**Task goal**. A faithful copy is required. Print each line of the data exactly and omit the pictures.

+++

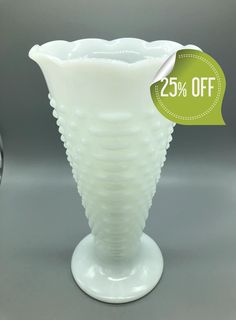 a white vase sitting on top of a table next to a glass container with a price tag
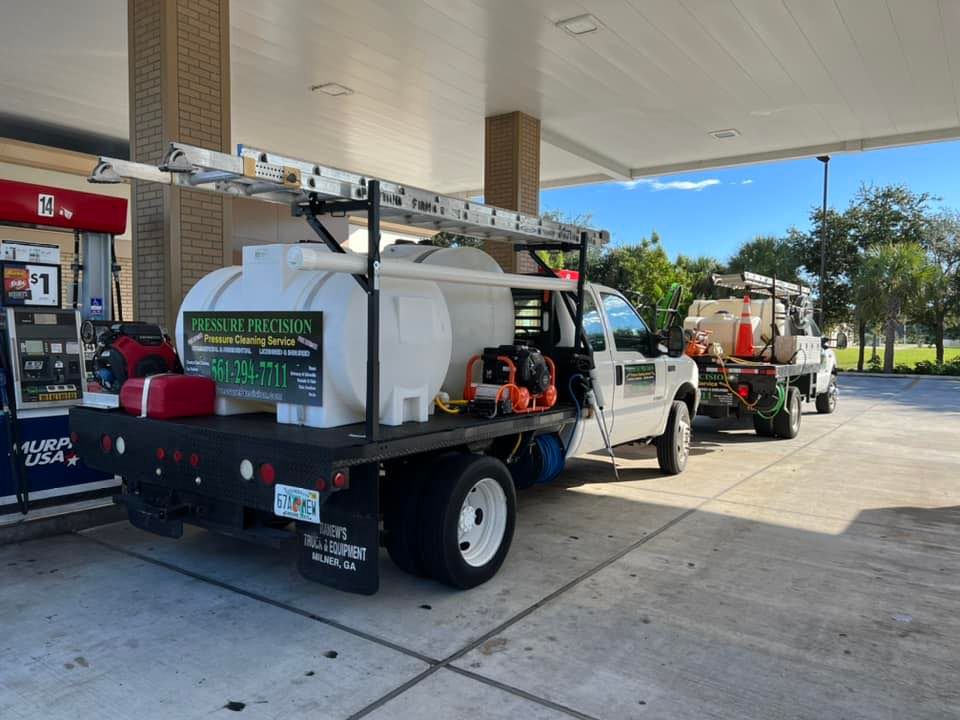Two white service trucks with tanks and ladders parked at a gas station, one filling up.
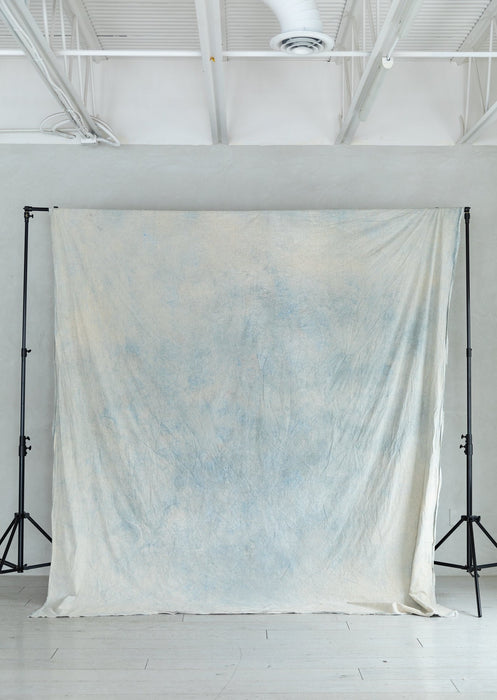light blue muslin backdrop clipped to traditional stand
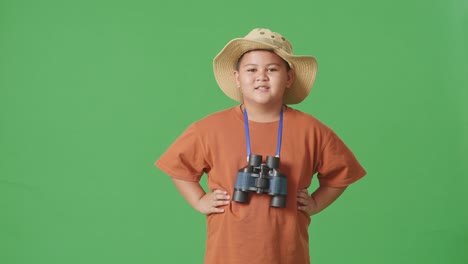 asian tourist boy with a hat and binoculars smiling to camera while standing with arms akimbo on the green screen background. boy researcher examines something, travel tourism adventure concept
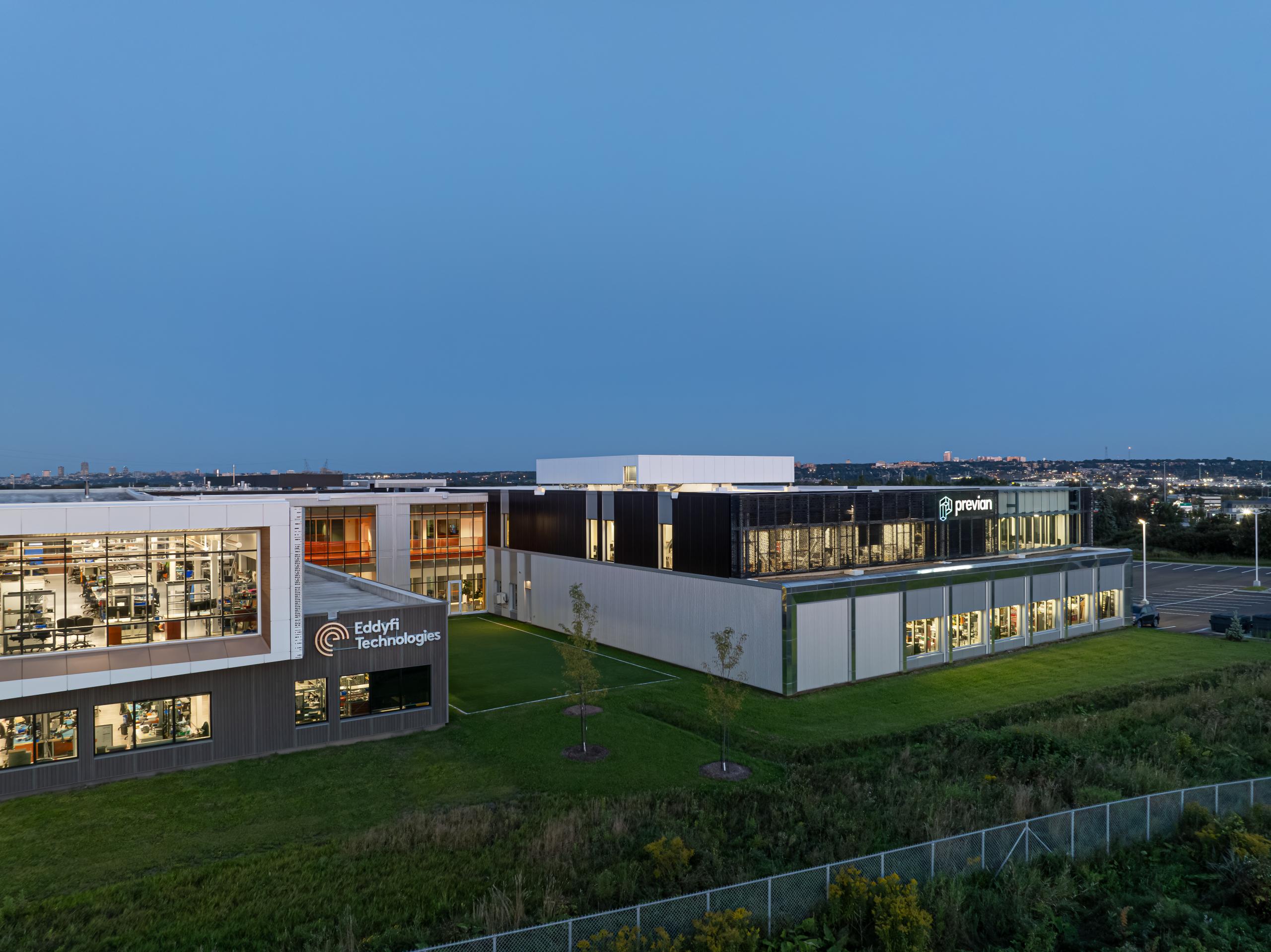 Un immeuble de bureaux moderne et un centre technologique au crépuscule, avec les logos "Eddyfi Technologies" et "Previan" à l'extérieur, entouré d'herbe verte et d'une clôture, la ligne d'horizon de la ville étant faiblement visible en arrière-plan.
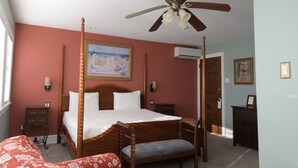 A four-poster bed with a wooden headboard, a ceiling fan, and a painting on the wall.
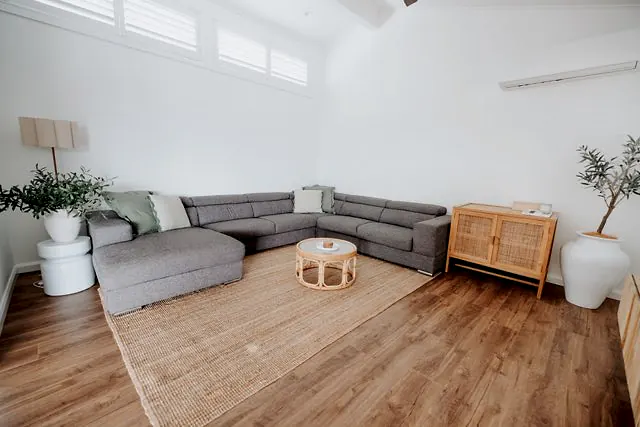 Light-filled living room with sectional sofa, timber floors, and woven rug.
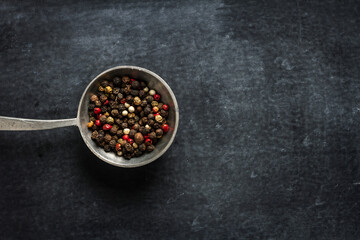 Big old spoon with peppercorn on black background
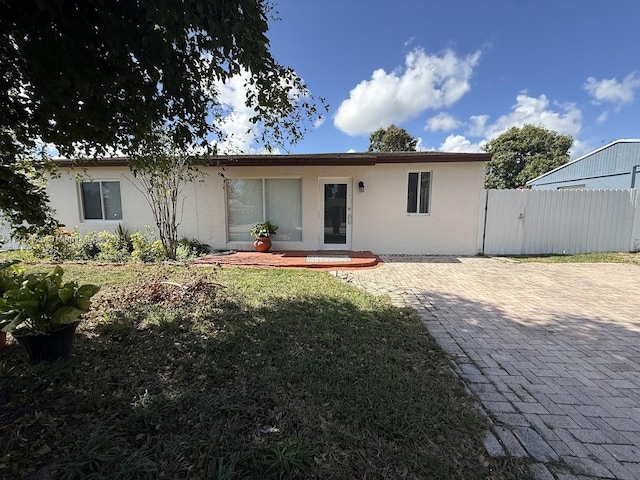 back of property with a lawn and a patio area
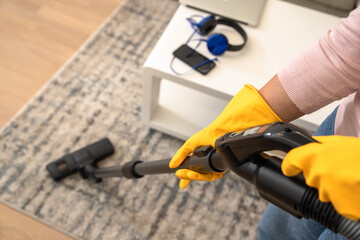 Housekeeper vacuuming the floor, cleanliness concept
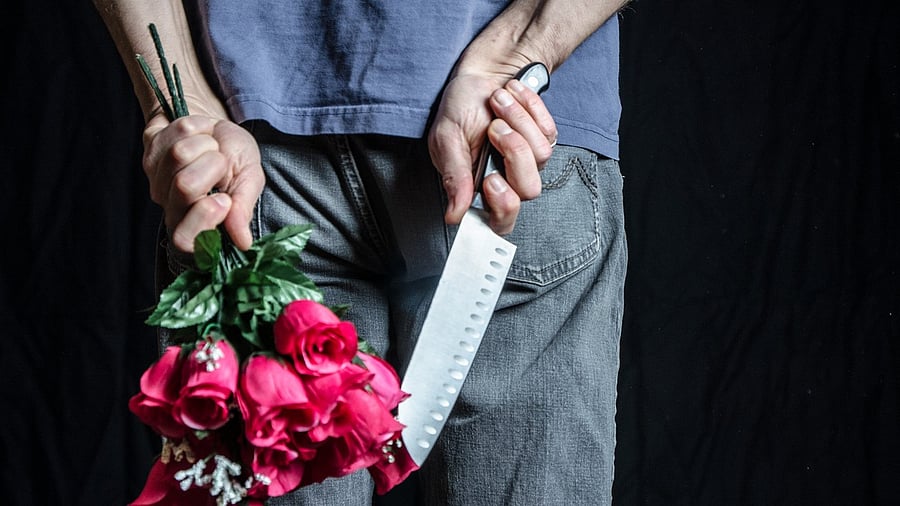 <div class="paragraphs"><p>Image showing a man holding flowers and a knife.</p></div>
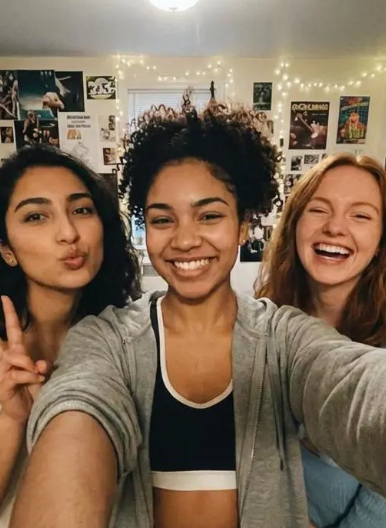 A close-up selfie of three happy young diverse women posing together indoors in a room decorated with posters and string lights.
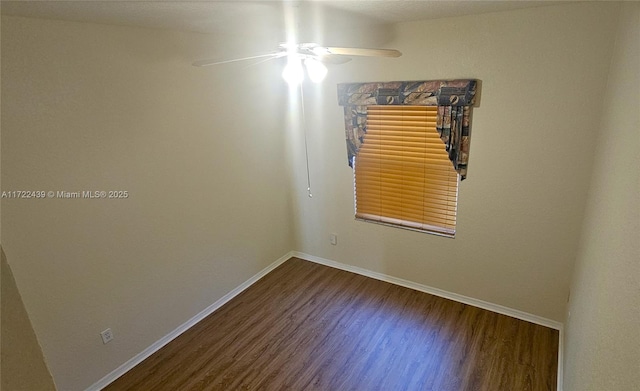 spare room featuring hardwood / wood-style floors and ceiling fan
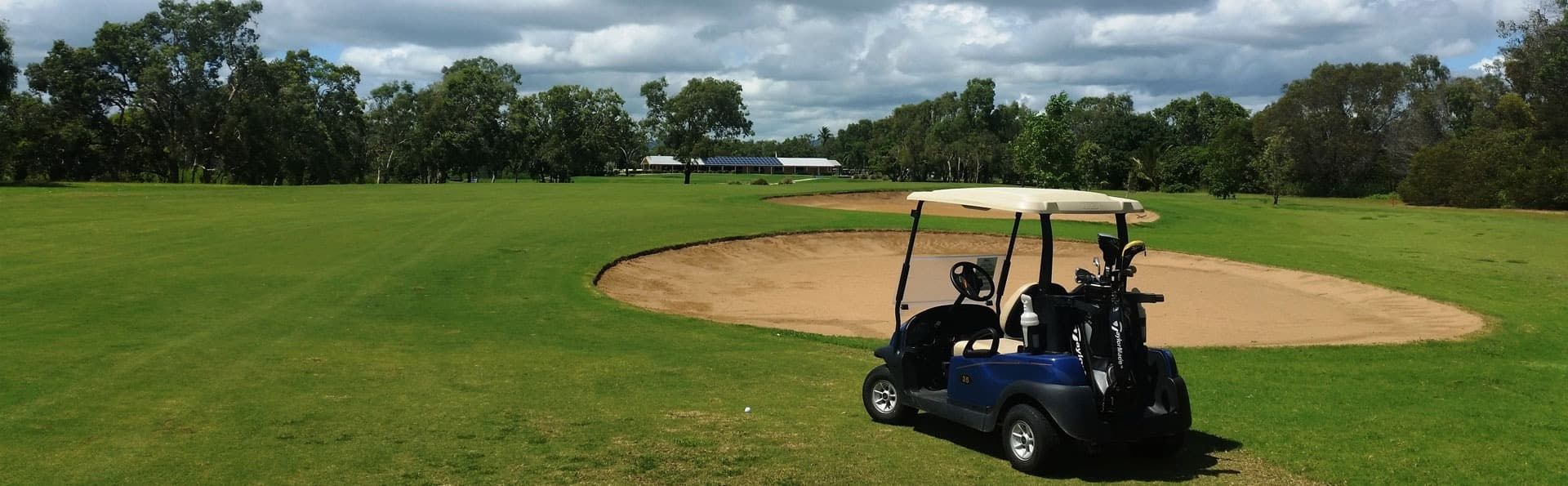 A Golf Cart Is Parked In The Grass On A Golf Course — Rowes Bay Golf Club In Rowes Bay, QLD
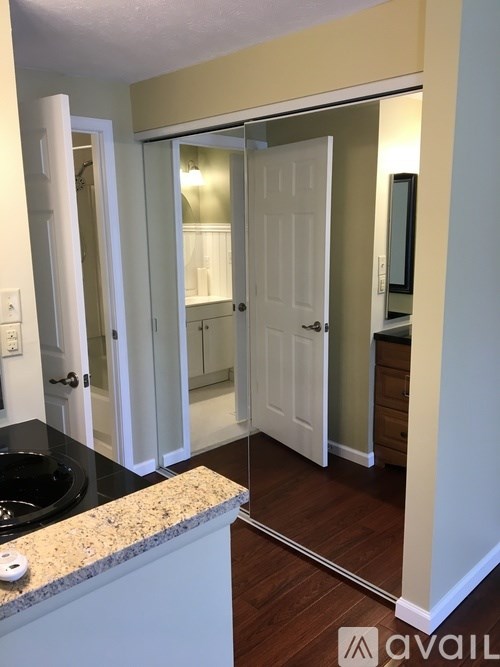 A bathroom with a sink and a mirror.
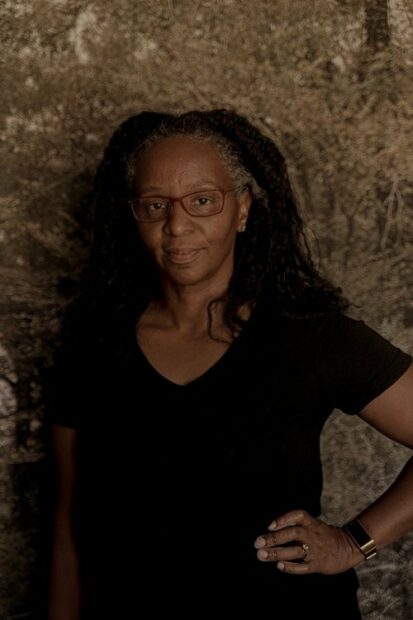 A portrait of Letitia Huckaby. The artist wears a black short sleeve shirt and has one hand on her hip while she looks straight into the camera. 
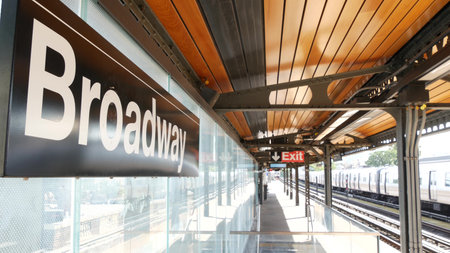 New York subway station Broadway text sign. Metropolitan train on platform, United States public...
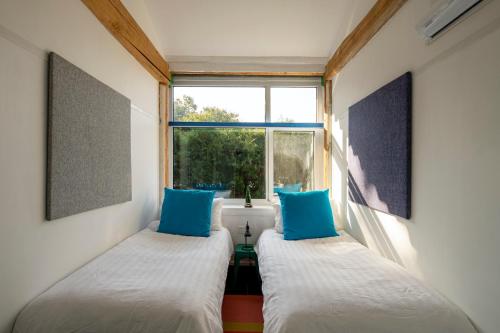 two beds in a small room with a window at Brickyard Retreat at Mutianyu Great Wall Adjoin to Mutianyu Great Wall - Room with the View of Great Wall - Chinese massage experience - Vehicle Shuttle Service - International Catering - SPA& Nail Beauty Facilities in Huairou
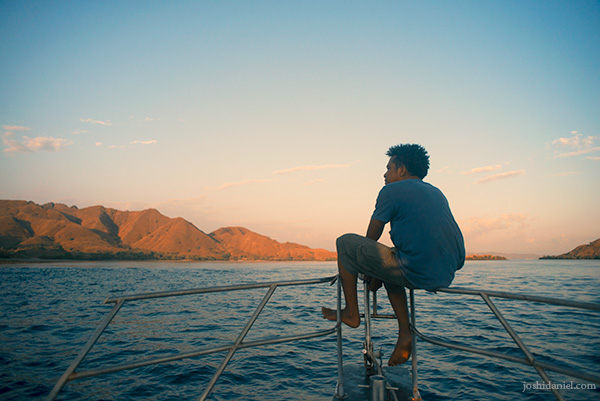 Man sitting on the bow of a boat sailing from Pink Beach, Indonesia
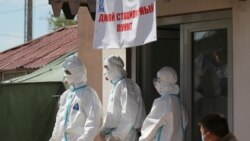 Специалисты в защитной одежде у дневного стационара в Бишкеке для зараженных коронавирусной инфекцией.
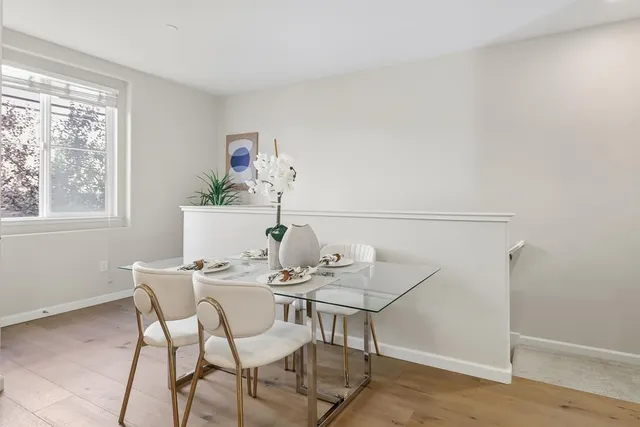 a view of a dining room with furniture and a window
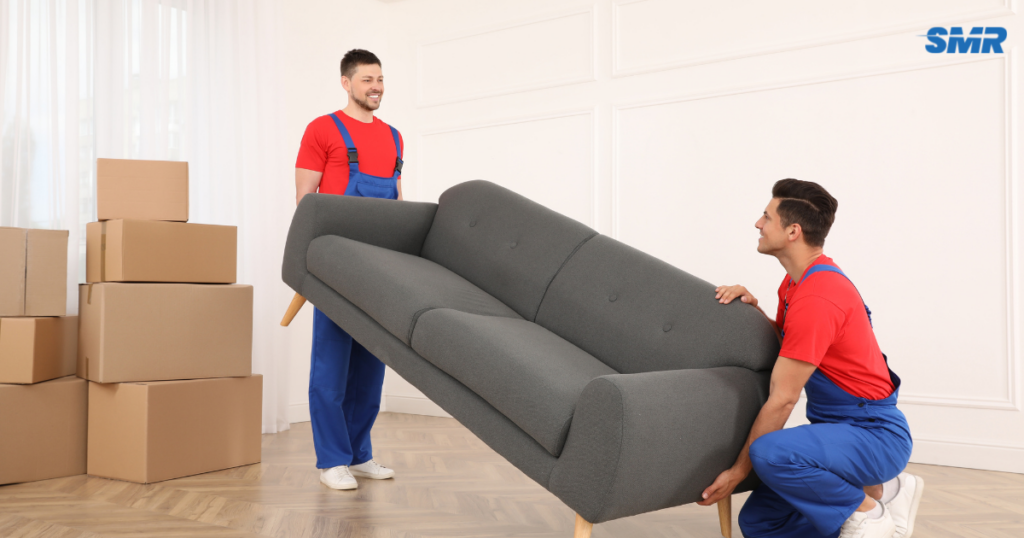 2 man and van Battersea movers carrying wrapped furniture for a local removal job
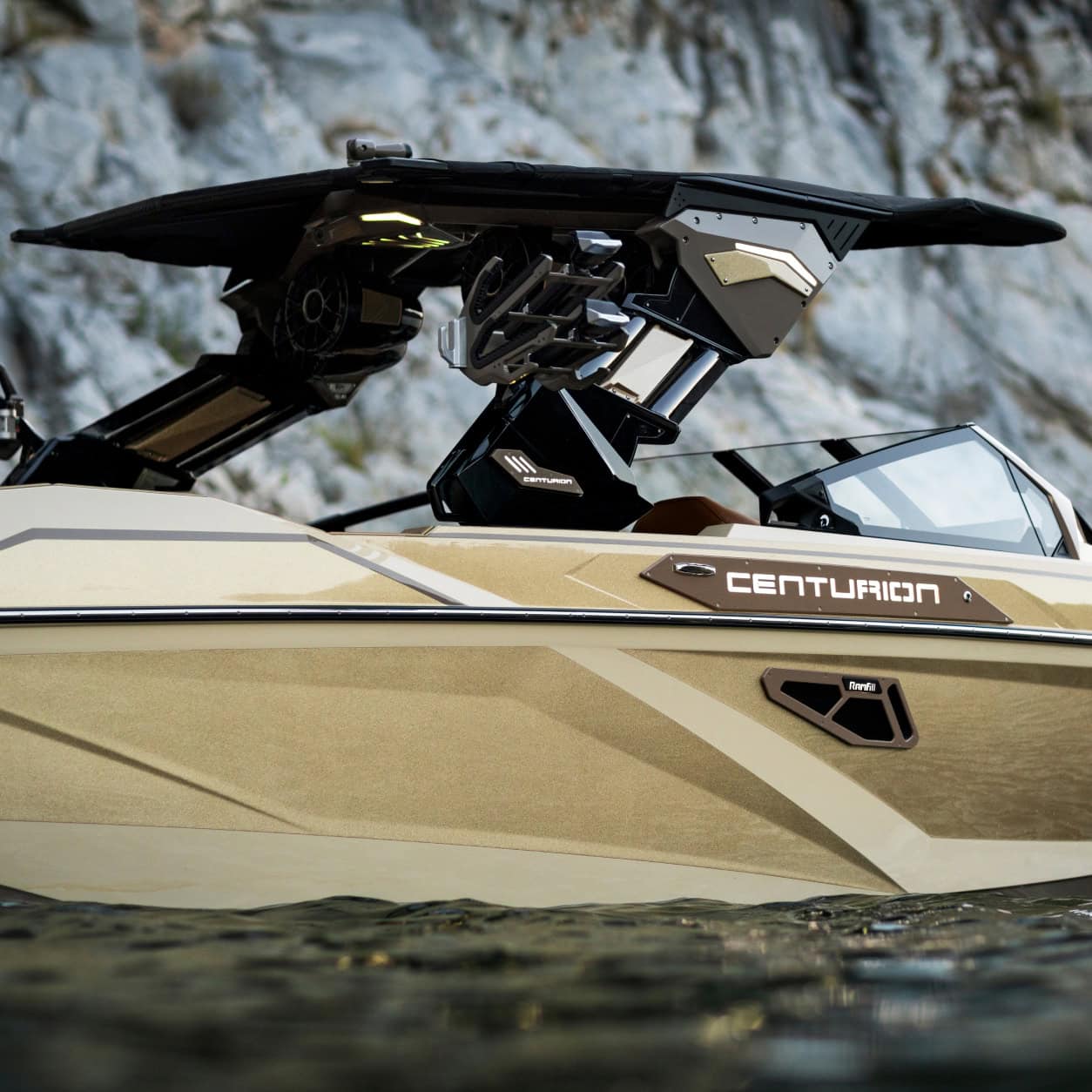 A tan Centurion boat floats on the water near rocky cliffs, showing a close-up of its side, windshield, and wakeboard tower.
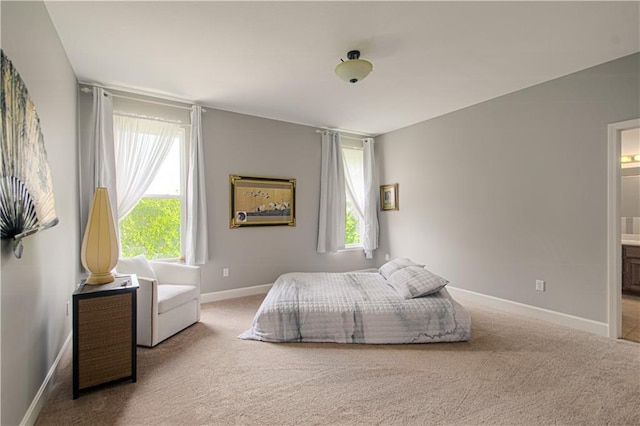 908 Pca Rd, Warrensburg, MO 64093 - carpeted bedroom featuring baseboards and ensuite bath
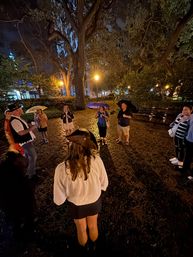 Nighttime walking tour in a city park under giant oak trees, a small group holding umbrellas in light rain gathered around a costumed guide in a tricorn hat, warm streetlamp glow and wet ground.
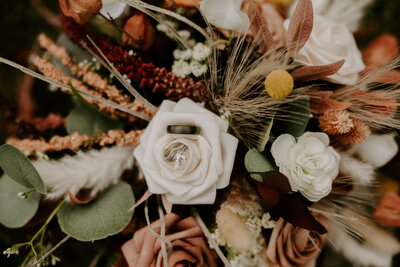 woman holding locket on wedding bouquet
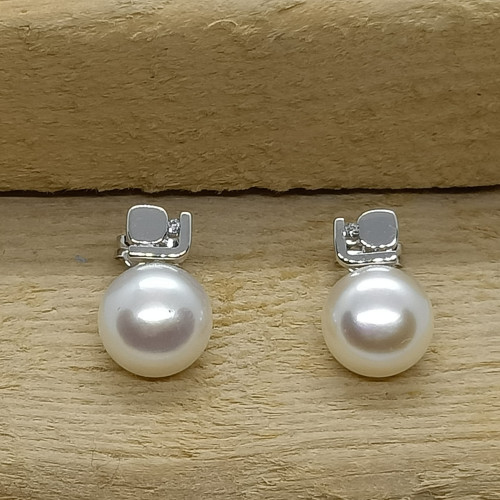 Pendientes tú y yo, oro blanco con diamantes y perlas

+++

**Output for this exercise**.
 a white vase sitting on top of a table next to a glass container with a price tag
Two white service trucks with tanks and ladders parked at a gas station, one filling up.
light blue muslin backdrop clipped to traditional stand
 asian tourist boy with a hat and binoculars smiling to camera while standing with arms akimbo on the green screen background. boy researcher examines something, travel tourism adventure concept
 Un immeuble de bureaux moderne et un centre technologique au crépuscule, avec les logos "Eddyfi Technologies" et "Previan" à l'extérieur, entouré d'herbe verte et d'une clôture, la ligne d'horizon de la ville étant faiblement visible en arrière-plan.
 A four-poster bed with a wooden headboard, a ceiling fan, and a painting on the wall.
 Light-filled living room with sectional sofa, timber floors, and woven rug.
 Big old spoon with peppercorn on black background
 back of property with a lawn and a patio area
 Housekeeper vacuuming the floor, cleanliness concept
 <div class="paragraphs"><p>Image showing a man holding flowers and a knife.</p></div>
 A close-up selfie of three happy young diverse women posing together indoors in a room decorated with posters and string lights.
 spare room featuring hardwood / wood-style floors and ceiling fan
 A Golf Cart Is Parked In The Grass On A Golf Course — Rowes Bay Golf Club In Rowes Bay, QLD
 A bathroom with a sink and a mirror.
 A portrait of Letitia Huckaby. The artist wears a black short sleeve shirt and has one hand on her hip while she looks straight into the camera. 
 New York subway station Broadway text sign. Metropolitan train on platform, United States public...
 two beds in a small room with a window at Brickyard Retreat at Mutianyu Great Wall Adjoin to Mutianyu Great Wall - Room with the View of Great Wall - Chinese massage experience - Vehicle Shuttle Service - International Catering - SPA& Nail Beauty Facilities in Huairou
 Man sitting on the bow of a boat sailing from Pink Beach, Indonesia
 Специалисты в защитной одежде у дневного стационара в Бишкеке для зараженных коронавирусной инфекцией.
 a view of a dining room with furniture and a window
 2 man and van Battersea movers carrying wrapped furniture for a local removal job
 A tan Centurion boat floats on the water near rocky cliffs, showing a close-up of its side, windshield, and wakeboard tower.
 908 Pca Rd, Warrensburg, MO 64093 - carpeted bedroom featuring baseboards and ensuite bath
 Nighttime walking tour in a city park under giant oak trees, a small group holding umbrellas in light rain gathered around a costumed guide in a tricorn hat, warm streetlamp glow and wet ground.
 woman holding locket on wedding bouquet
 Pendientes tú y yo, oro blanco con diamantes y perlas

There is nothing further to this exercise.